Multi-mode resistive switching behaviors induced by modifying Ti interlayer thickness and operation scheme

To overcome the practical issues existed in RRAMs application, complementary resistive switching (CRS) and self-compliance effect are investigated to alleviate sneak current issue and avoid external compliance current (Icomp), respectively. It is remarkable that the two resistive switching (RS) behaviors are attempted to achieve in the same system of Pt/HfO2(7.5−x)/Ti(2x)/HfO2(7.5−x)/Pt (x = 0, 2.5, 3.5 nm) device fabricated by magnetron sputtering, i.e., multi-mode resistive switching behaviors are modulated by varying Ti interlayer thickness and operation scheme, such as initial Icomp and applied voltage during reset switching. As indicated by the results, typical bipolar resistive switching (BRS) and CRS behaviors exhibit in Pt/HfO2(∼4 nm)/Ti(∼7 nm)/HfO2(∼4 nm)/Pt devices, and self-compliance effect appears in Pt/HfO2(∼5 nm)/Ti(∼5 nm)/HfO2(∼5 nm)/Pt devices.
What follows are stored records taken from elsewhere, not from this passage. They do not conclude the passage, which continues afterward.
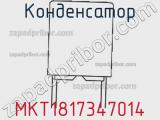 Конденсатор MKT1817347014 фотография 2.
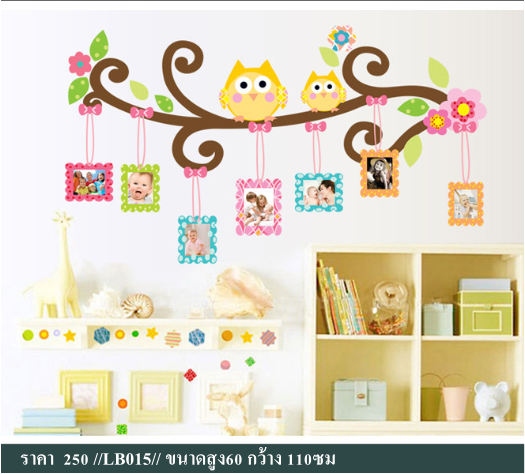 สติกเกอร์กรอบรูป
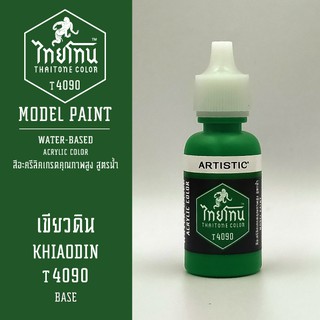 สีโมเดลไทยโทน :เนื้อด้าน:ThaiTone Model Paint:Matte:เขียวดินT4090  : ขนาด 20 ml by ARTISTICเหมาะสำหรับงาน Model Paint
After investigated the conductive mechanisms, it is proposed adopting conceivable switching mechanism associated with the formation of oxygen vacancy (VO) and metallic conduction filament (CF) to understand CRS and self-compliance effect. The exploration of multi-mode RS behaviors paves the way to improve the flexibility and convenience of RRAMs in actual application.